II. Factual and Procedural Background

On September 6, 2005, the Department of Family and Protective Services (ADFPS") received a referral
alleging neglectful supervision of W.M., a two-year-old, and A.L.M., a one-year-old, by their parents, Erin C.
and appellant.  During its investigation, DFPS discovered that both parents tested positive for
methamphetamine.  Upon DFPS's request, Erin and appellant attended several DFPS-sponsored service
groups, including Drug and Alcohol Assessment, Breakthrough Christian Counseling, and Alcoholic's
Anonymous meetings.  At some point in late 2005, appellant began refusing to attend substance abuse
programs.

In January 2006, appellant began working in an oil field, but he lost the job that same month.  Erin, appellant,
and the two boys were evicted from their home in March 2006 for failing to pay rent.  That same month, Erin
again tested positive for methamphetamine and admitted to using drugs at the drilling site where appellant had
worked.  When Erin received her drug test results, she stated that the boys had been asleep at that time, and
she had not seen appellant use methamphetamine, but was “sure he has."

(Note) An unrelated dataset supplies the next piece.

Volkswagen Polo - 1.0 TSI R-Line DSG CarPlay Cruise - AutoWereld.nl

Also in March 2006, DFPS completed a safety plan that placed the boys with the maternal grandparents, Teena
and David C.  Later that month, appellant was arrested and incarcerated for unauthorized use of a motor
vehicle.  On April 14, 2006, after appellant was released from jail, DFPS met with Erin and him.  During the
meeting, appellant admitted that he had used methamphetamine “about three weeks" earlier.  After that
meeting, DFPS was unable to reach appellant, as he never provided an address or phone number and never
contacted DFPS on his own.

On May 22, 2006, DFPS filed a Petition for Protection of Children, for Conservatorship, and for Termination in
Suit Affecting the Parent-Child Relationship because appellant and Erin used methamphetamine drugs, failed
to maintain a residence, and failed to complete most of the DFPS-sponsored programs.  In a hearing on June
5, 2006, the trial court ordered appellant and Erin to attend counseling, to attend parenting classes, to
complete drug and alcohol assessments, and to participate in drug treatment programs.  Appellant failed to
complete any of the ordered services, failed to appear for a status hearing in July 2006, and failed to appear
for a permanency hearing in September 2006.

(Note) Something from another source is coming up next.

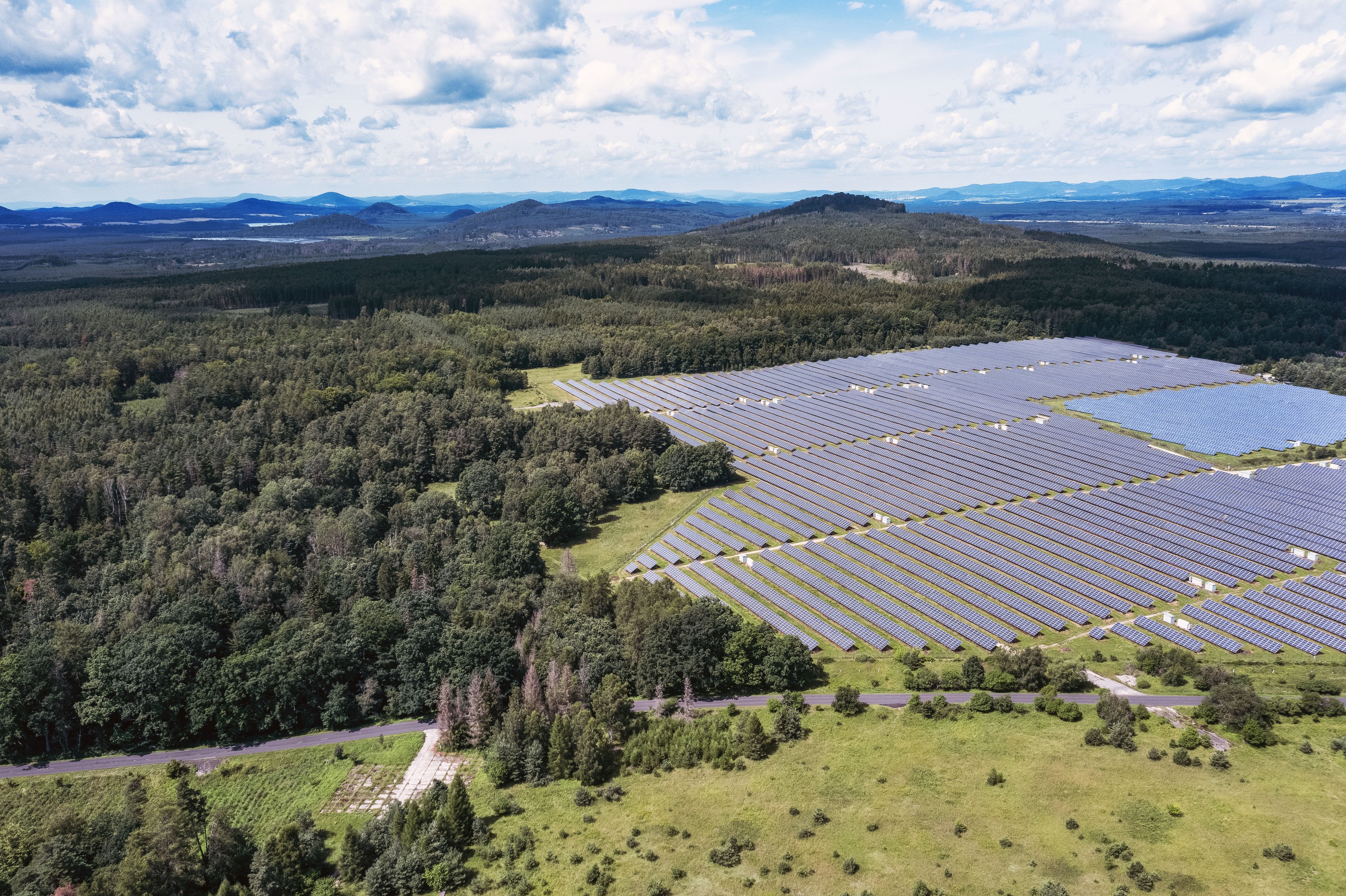 Lze pro projekty využít dosud opomíjené plochy? - ČEZ Obnovitelné zdroje fotovoltaické elektrárny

Teena and David C., the maternal grandparents, expressed an interest in adopting the boys, and on October
31, 2006, appellant and Erin signed affidavits of voluntary relinquishment of parental rights.  The affidavits were
also signed by two witnesses and verified by a notary public.  Appellant was appointed trial counsel on
December 7, 2006, and a final hearing was held on January 8, 2007, where appellant appeared but did not
testify.  That same day, appellant and Erin signed the termination order as to both form and substance.

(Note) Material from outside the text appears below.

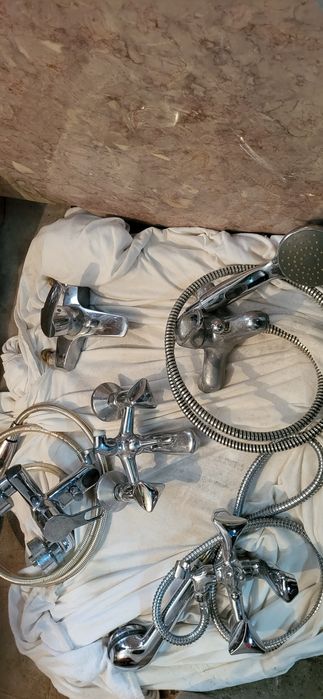 Torneiras diversas para poliban banheira e cozinha. bide e lavatorio.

Later that month, appellant filed a motion for new trial.  At the hearing on this motion, appellant testified that he
signed the relinquishment affidavit only because of fraudulent representations by DFPS.  Appellant also alleged
that he was never offered an attorney until the final hearing.  The trial court denied the motion; this appeal
followed.

III.  Voluntariness of the Affidavit of Relinquishment

In his first two points, appellant argues that the trial court erred by terminating his parental rights based on his
affidavit of relinquishment because the evidence is legally and factually insufficient to show that he executed
the affidavit voluntarily and knowingly.  Appellant contends that his affidavit was executed as a result of fraud,
deception, and overreaching.

A.  Applicable Law

A parent's rights to “the companionship, care, custody, and management" of his or her children are
constitutional interests Afar more precious than any property right."  Santosky v. Kramer, 455 U.S. 745, 758-59,
102 S. Ct. 1388, 1397 (1982); In re M.S., 115 S.W.3d 534, 547 (Tex. 2003).  In a termination case, the State
seeks not just to limit parental rights but to end them permanently - to divest the parent and child of all legal
rights, privileges, duties, and powers normally existing between them, except for the child's right to inherit.  TEX.
FAM. CODE ANN. § 161.206(b) (Vernon Supp. 2006); Holick v. Smith, 685 S.W.2d 18, 20 (Tex. 1985).  We
strictly scrutinize termination proceedings and strictly construe involuntary termination statutes in favor of the
parent.  Holick, 685 S.W.2d at 20-21; In re E.S.S., 131 S.W.3d 632, 636 (Tex. App.- Fort Worth 2004, no pet.).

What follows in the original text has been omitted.